◆ ASSIGNMENT ◆
Omit the pictures. Transcribe exactly the lines below, from the one with "image for item" up to and including the last.
-- RECORDED INFORMATION follows --
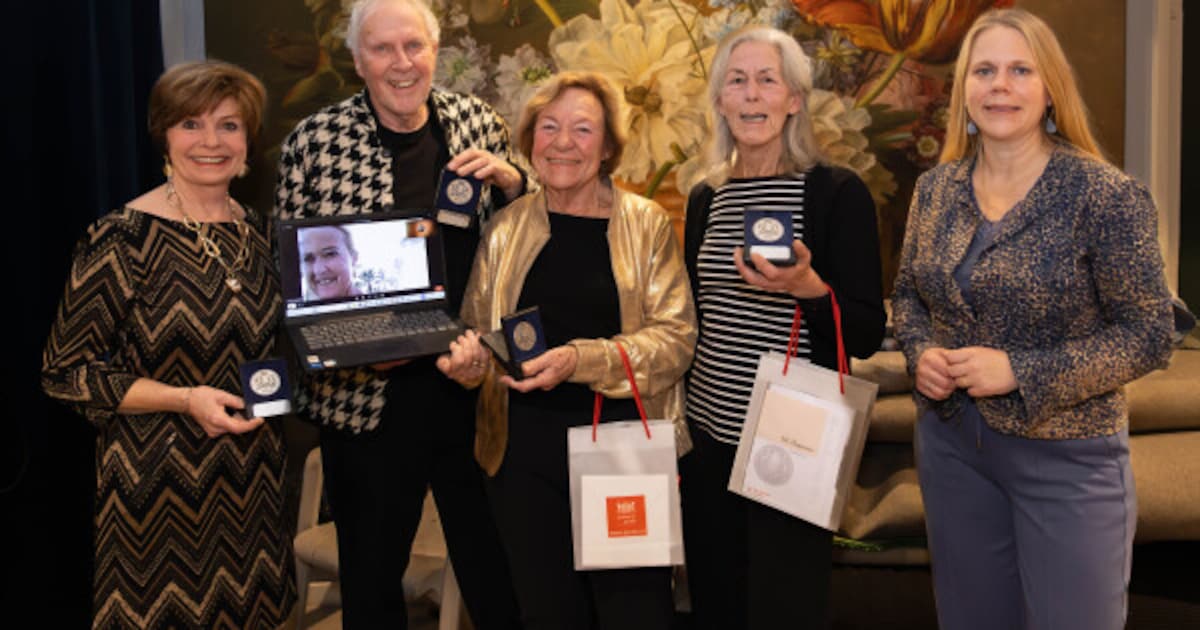 Vijf vrijwilligers van Goudse vormings- en vrijetijdscentrum De Klup ontvangen erepenning in Gouda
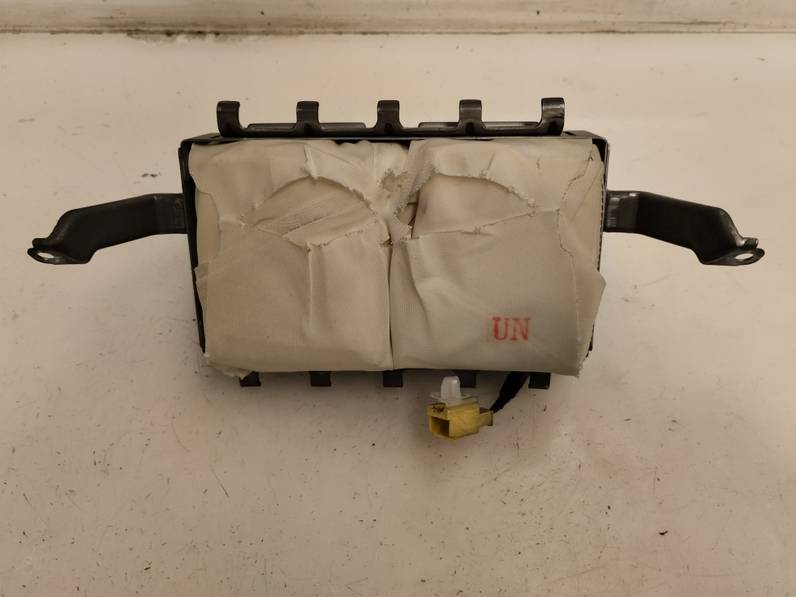 AIRBAG DELANTERO DERECHO TOYOTA URBAN CRUISER 2009 1.4 TURBODIESEL (90 CV)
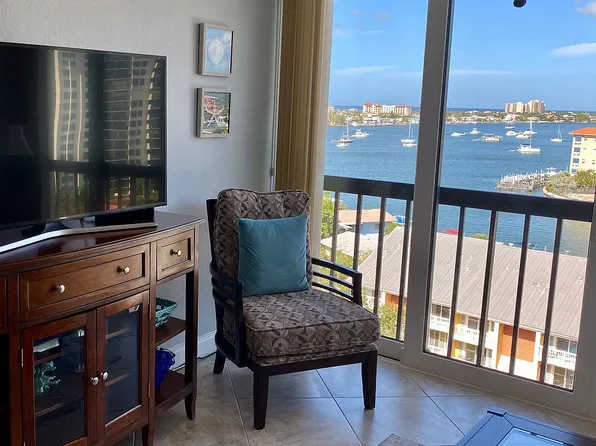 255 Dolphin Point #912, Clearwater, FL 33767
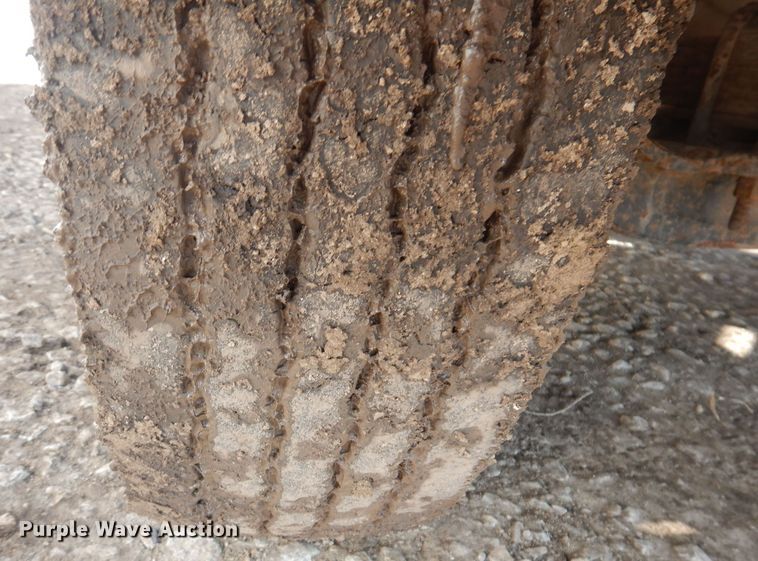 image for item IO9404 2001 Freightliner FL70  utility / service truck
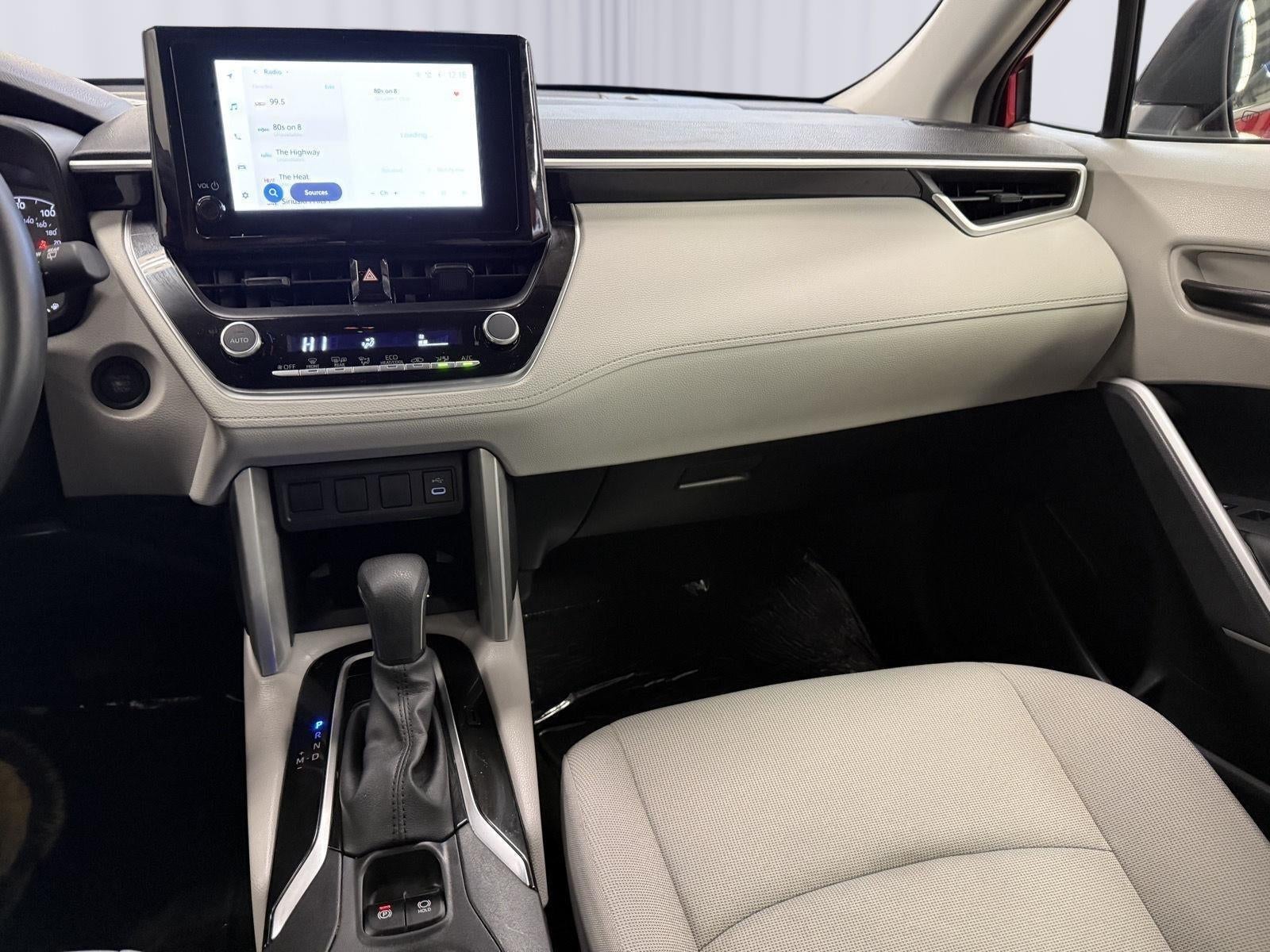 2025 Toyota Corolla Cross LE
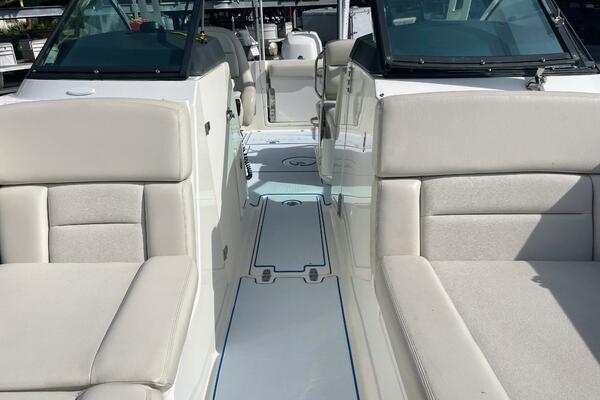 23ft Boston Whaler Yacht For Sale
-- RECORDED INFORMATION concluded --
◆ TASK ANSWER ◆
 image for item IO9404 2001 Freightliner FL70  utility / service truck
 2025 Toyota Corolla Cross LE
 23ft Boston Whaler Yacht For Sale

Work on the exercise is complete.